Valad has altered its financial year growth forecasts following the completion of its merger with Scarborough.
Valad Property Group (Valad) has altered its financial year growth forecasts by more than 12 per cent, following the completion of its merger with Scarborough.
Valad completed the A$2 billion merger with the UK funds management group yesterday.
As a result, Valad has increased its 2008 financial year forecast dividend per share growth by 12.9 per cent over the announced 2007 financial year distribution.
Valad's executive chairman Stephen Day said the acquisition now provides the group with a pan European property and funds management platform with operations in 11 countries and combined funds under management for the group of A$16.8 billion.

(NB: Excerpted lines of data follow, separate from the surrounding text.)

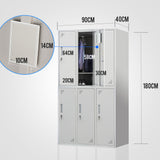 NNEMB 6 Door Metal Storage Cabinet Lockers for Gym Office-Grey
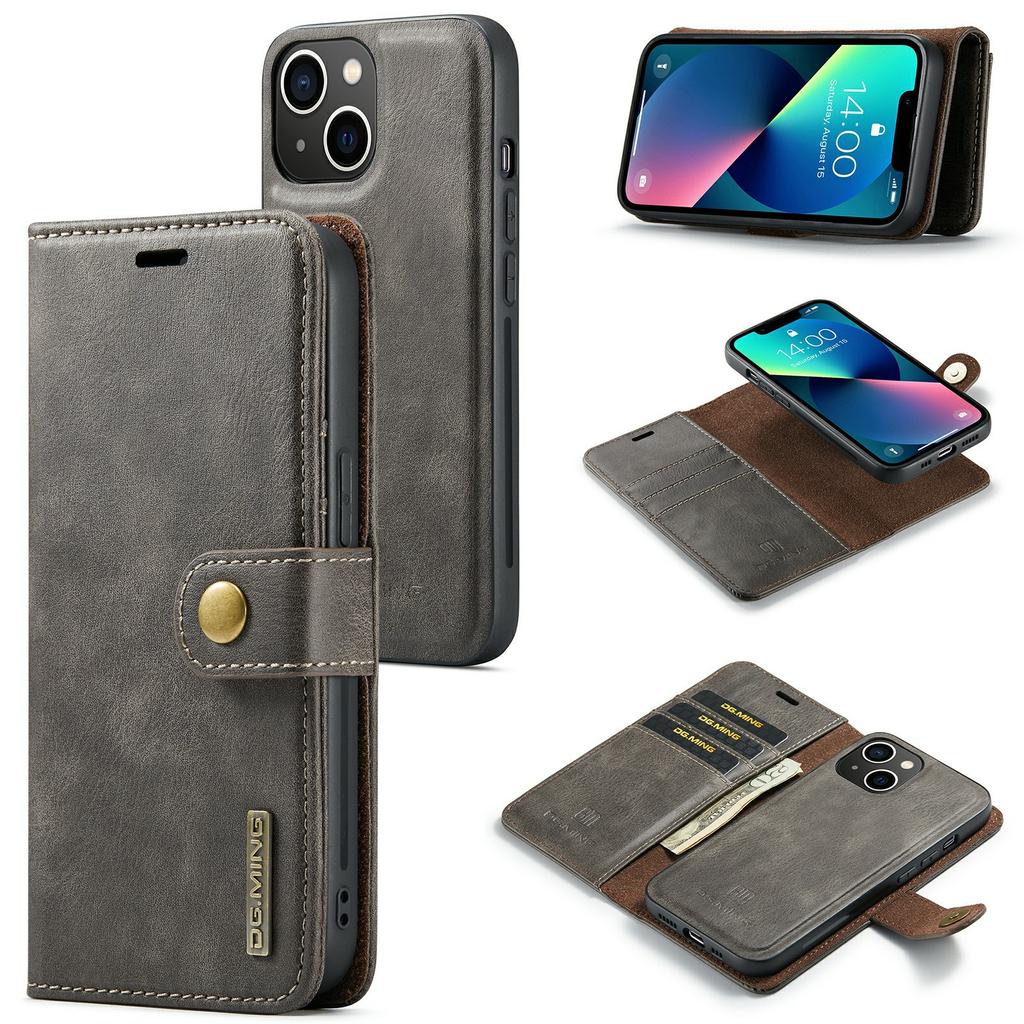 DG.MING For iPhone 15 Anti-Scratch Split Leather Wallet Stand Cover Detachable Magnetic Phone Case Shell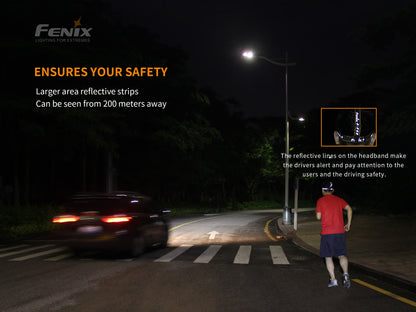 A person running on the street in the night being passed by a car and reflective elements of Fenix HM65R headlamp shown as a safety feature. 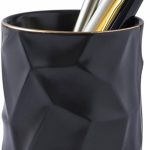 Ceramic Irregular Round Pen Holder For Desk Cute Stand Gold Line Aesthetic Pencil Cup Pot Desk Organizer for Men Women Makeup Brush Holder (Black)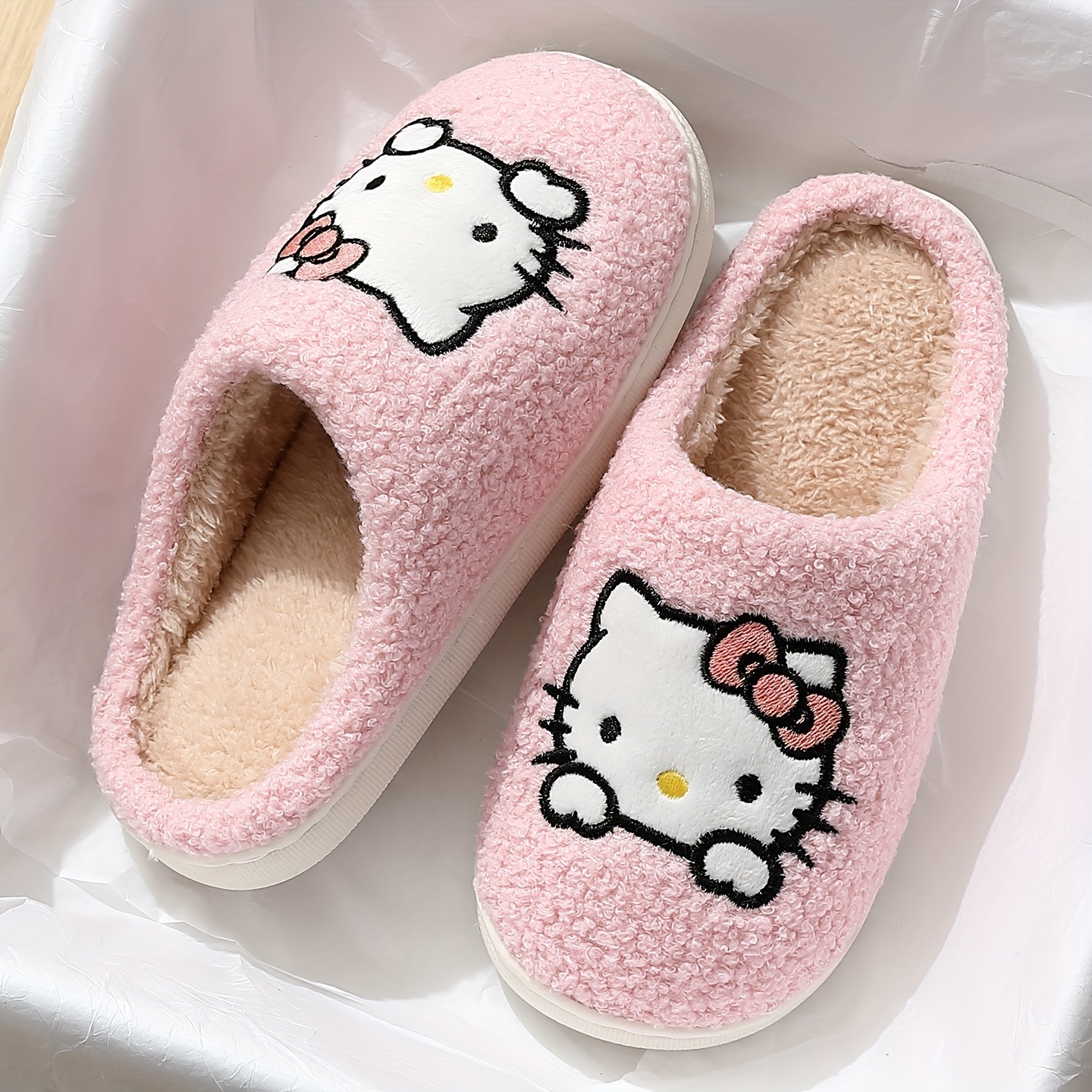 Image of Hello Kitty Women's Plush Winter Slippers - Cute -on Home Shoes, Eva Thick Sole With Fleece Soft Lining And Kitty , Suitable For Indoor Wear, Women Shoes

"The successful acquisition of Scarborough provides Valad with a fully integrated pan European platform with over 250 staff across Europe and represents the next step in Valad's stated strategy to establish European and Australasian platforms for its operations and product offerings," Day said.
The acquisition is being funded through the previously announced A$1.2 billion entitlement and public offer. The retail and public offer component closes on 17 July 2007.
The privately-held Scarborough has substantial direct property ownership, funds management and development operations in the United Kingdom and Europe, with A$10.2 billion in assets under management.
Valad is advised by JP Morgan. JP Morgan, Macquarie Bank and UBS are joint bookrunners and underwriters and Citigroup is co-manager.